__Action item__
Set down exactly the lines below, from the one containing "Bedroom featuring light" through the final line, and include no others.

__Data shown__
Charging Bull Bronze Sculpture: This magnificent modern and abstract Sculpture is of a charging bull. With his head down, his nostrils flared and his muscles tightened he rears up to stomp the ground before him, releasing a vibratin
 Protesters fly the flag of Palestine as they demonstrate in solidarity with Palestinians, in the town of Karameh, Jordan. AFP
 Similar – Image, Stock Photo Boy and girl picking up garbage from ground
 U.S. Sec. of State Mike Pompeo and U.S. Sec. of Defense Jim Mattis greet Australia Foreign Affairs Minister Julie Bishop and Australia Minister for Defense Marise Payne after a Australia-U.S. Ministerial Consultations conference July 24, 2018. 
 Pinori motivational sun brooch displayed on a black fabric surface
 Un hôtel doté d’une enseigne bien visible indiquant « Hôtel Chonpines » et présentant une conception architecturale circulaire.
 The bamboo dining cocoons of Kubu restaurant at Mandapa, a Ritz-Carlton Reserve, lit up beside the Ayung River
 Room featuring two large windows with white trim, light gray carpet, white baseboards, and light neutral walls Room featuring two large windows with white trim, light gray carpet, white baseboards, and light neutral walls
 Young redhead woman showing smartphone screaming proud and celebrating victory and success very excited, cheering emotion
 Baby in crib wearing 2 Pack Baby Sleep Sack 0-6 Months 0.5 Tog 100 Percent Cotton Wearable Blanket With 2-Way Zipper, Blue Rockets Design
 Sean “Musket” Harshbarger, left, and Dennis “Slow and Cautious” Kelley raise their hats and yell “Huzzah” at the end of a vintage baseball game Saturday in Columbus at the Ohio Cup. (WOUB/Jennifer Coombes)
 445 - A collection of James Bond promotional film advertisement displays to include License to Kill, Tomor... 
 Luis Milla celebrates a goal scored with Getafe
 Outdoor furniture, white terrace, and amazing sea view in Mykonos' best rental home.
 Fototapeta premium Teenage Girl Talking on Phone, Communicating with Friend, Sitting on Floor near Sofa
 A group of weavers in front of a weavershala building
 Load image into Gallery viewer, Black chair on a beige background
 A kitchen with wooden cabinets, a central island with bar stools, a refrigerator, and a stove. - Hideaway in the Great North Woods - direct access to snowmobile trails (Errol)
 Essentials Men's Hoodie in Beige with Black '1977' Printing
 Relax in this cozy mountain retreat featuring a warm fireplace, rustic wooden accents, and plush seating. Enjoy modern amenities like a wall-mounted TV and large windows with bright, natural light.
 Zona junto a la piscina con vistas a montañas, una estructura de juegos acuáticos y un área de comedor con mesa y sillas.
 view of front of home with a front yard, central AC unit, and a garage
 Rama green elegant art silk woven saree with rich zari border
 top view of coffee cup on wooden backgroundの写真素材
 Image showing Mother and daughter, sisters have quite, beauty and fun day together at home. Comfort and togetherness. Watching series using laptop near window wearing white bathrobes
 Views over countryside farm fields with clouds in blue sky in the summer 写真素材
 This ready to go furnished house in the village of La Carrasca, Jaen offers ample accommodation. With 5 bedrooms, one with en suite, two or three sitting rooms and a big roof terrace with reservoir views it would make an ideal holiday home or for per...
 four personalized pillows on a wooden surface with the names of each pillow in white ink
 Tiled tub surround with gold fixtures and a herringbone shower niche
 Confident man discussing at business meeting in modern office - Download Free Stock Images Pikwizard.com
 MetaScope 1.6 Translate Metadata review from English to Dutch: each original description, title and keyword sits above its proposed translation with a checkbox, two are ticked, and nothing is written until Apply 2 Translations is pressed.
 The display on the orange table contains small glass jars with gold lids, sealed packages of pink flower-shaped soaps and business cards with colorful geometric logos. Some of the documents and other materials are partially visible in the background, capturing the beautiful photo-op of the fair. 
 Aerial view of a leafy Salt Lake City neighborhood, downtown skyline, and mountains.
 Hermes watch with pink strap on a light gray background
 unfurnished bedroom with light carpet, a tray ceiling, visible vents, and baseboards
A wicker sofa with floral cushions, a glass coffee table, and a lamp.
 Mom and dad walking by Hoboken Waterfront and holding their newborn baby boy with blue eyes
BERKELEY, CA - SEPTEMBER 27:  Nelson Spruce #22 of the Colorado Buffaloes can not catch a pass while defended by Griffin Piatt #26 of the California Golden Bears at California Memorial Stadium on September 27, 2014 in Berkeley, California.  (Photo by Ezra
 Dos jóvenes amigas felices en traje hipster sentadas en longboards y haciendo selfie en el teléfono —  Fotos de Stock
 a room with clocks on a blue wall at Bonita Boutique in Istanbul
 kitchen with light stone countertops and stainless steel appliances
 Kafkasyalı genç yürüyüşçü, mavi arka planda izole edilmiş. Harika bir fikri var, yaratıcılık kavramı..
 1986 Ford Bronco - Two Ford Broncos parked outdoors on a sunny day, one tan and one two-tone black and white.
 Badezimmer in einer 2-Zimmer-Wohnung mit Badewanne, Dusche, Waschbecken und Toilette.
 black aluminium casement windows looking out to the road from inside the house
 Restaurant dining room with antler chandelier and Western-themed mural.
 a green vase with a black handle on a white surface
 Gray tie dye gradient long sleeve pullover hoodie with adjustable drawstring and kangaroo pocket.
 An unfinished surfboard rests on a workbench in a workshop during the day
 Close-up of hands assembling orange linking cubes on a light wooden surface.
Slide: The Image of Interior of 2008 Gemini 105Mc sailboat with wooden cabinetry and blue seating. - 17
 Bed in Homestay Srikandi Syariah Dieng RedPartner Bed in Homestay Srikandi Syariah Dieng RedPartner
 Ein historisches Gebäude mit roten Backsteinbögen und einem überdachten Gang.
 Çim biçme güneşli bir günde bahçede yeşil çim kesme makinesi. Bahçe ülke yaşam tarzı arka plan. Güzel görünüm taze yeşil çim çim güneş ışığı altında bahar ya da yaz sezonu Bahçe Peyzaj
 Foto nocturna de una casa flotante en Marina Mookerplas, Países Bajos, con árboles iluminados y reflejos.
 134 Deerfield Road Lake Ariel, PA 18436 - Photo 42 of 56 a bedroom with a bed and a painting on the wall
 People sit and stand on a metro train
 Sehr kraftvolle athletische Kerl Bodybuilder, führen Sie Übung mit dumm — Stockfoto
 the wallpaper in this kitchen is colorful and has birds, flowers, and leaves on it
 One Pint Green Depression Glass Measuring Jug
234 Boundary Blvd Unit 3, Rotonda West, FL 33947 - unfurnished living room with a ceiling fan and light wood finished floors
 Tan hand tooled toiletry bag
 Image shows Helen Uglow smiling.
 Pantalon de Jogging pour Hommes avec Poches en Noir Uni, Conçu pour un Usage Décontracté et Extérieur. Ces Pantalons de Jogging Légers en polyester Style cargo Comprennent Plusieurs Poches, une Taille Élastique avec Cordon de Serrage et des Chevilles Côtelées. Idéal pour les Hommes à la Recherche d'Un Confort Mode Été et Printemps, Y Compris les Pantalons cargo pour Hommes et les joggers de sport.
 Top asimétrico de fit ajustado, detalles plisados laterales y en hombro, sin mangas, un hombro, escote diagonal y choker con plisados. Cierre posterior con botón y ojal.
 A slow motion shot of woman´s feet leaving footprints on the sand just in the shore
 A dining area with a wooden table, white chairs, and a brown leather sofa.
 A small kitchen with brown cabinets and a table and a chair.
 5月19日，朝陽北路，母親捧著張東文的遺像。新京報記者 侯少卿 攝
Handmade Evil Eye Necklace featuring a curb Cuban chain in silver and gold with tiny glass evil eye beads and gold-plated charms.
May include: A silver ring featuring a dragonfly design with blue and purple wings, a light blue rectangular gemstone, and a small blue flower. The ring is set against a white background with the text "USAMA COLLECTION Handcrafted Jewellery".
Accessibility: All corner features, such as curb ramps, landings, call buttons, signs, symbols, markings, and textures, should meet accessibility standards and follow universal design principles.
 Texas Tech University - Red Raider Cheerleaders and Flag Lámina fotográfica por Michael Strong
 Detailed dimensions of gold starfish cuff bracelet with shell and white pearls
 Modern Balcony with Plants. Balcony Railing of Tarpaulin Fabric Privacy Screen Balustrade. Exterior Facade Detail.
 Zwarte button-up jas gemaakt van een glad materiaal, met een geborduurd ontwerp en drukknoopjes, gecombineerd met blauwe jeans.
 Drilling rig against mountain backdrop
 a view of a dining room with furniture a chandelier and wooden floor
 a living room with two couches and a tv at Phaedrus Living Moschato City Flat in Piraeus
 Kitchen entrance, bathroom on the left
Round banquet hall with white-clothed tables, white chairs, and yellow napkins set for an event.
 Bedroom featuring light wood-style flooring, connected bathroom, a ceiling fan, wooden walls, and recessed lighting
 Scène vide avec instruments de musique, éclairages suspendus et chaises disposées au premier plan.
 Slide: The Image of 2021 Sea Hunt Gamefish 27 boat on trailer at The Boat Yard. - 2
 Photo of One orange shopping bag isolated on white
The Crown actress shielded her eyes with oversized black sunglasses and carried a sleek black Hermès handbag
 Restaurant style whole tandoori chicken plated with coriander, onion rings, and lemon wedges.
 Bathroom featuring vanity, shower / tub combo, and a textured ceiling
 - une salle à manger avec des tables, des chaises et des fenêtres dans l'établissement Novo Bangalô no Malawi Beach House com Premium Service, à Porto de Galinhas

__Response area__
 Bedroom featuring light wood-style flooring, connected bathroom, a ceiling fan, wooden walls, and recessed lighting
 Scène vide avec instruments de musique, éclairages suspendus et chaises disposées au premier plan.
 Slide: The Image of 2021 Sea Hunt Gamefish 27 boat on trailer at The Boat Yard. - 2
 Photo of One orange shopping bag isolated on white
The Crown actress shielded her eyes with oversized black sunglasses and carried a sleek black Hermès handbag
 Restaurant style whole tandoori chicken plated with coriander, onion rings, and lemon wedges.
 Bathroom featuring vanity, shower / tub combo, and a textured ceiling
 - une salle à manger avec des tables, des chaises et des fenêtres dans l'établissement Novo Bangalô no Malawi Beach House com Premium Service, à Porto de Galinhas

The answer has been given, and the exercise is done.